Video tests showed similarly small increases, with scores rising from 1,024 to 1,026 in 3DMark 11, frame rates increasing from 6.3 frames per second (fps) to 6.4fps in Lost Planet 2, and frame rates not improving at all in the Heaven Benchmark 2.5 (it remained at 5.5fps both times). These were all at basic resolutions, by the way?the Performance (1,280 by 720) preset for 3DMark 11, and 1,280 by 1,024 for the other two?though we maxed up all the details. By reducing the titles' resolutions or turning down the visual effects, you'll be able to get something much closer to playable frame rates, but you'll be making quite a few sacrifices.
This is where the overclocking comes in, right? Theoretically. We're happy to report that overclocking (when the APU was installed in the Gigabyte GA-A75-UD4H motherboard) was a breeze, and being able to separately focus on the CPU and GPU was an enormous frustration reducer. We had very little trouble nudging the GPU clock up from 600MHz to 900MHz and the CPU clock from 3GHz to 3.5GHz, using just a basic air cooler?and AMD tells us that, with more aggressive cooling and fine tuning of voltages, a combo rate of 960MHz/3.8GHz is possible. The A8-3870K offers you a lot of leeway.
But is it worth it? That depends on your point of view. The 3DMark 11 score rose from 1,026 to 1,244, CineBench from 0.90 to 1.04, the Heaven Benchmark from 5.5fps to 6.4fps, Lost Planet 2 from 6.4fps to 7.5fps, PCMark 11 from 2,509 to 2,691, Photoshop times down from 5:12 to 4:36, and TrueCrypt throughput up from 109MBps to 119MBps. (Predictably, load power rose as well, from 134.6 watts to 142.3 watts.) These aren't poor jumps by any stretch of the imagination.
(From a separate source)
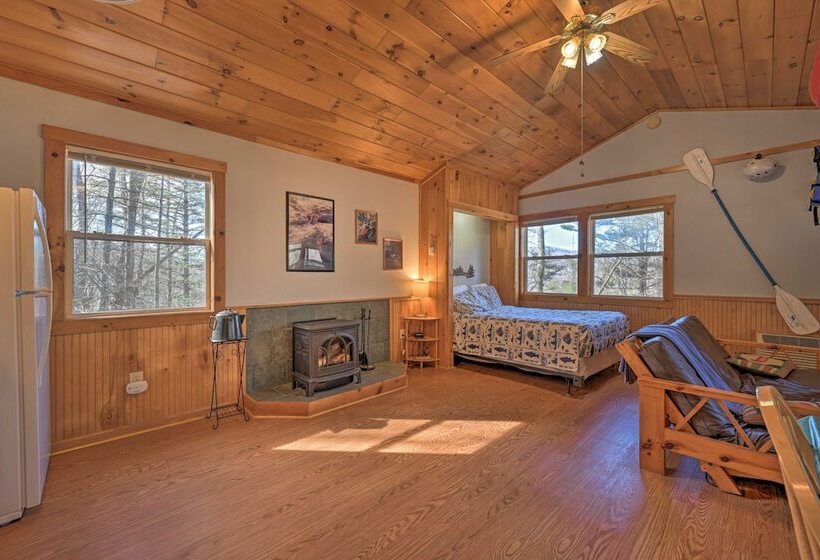 Cabin W/ Hot Tub   Near Nantahala Outdoor Center!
But except for those who might be really excited to overclock with such an inexpensive chip, we're not sure they're dazzling enough to set many hearts racing.
Still, the AMD A8-3870K is a fascinating part that shows how serious AMD continues to take the mainstream processor race. Our conclusion with this APU remains the same as with the A8-3850: Though you'll want a standalone video card for any real gaming purposes, AMD's blending of processing and video performance delivers a balance you just can't get from Intel right now. This may change when Intel ships its Ivy Bridge CPUs, which will support advanced DX11 graphics rather than Sandy Bridge's DX10, in a few months. But for now, AMD's Fusion approach is generating the most comforting heat in the midrange market.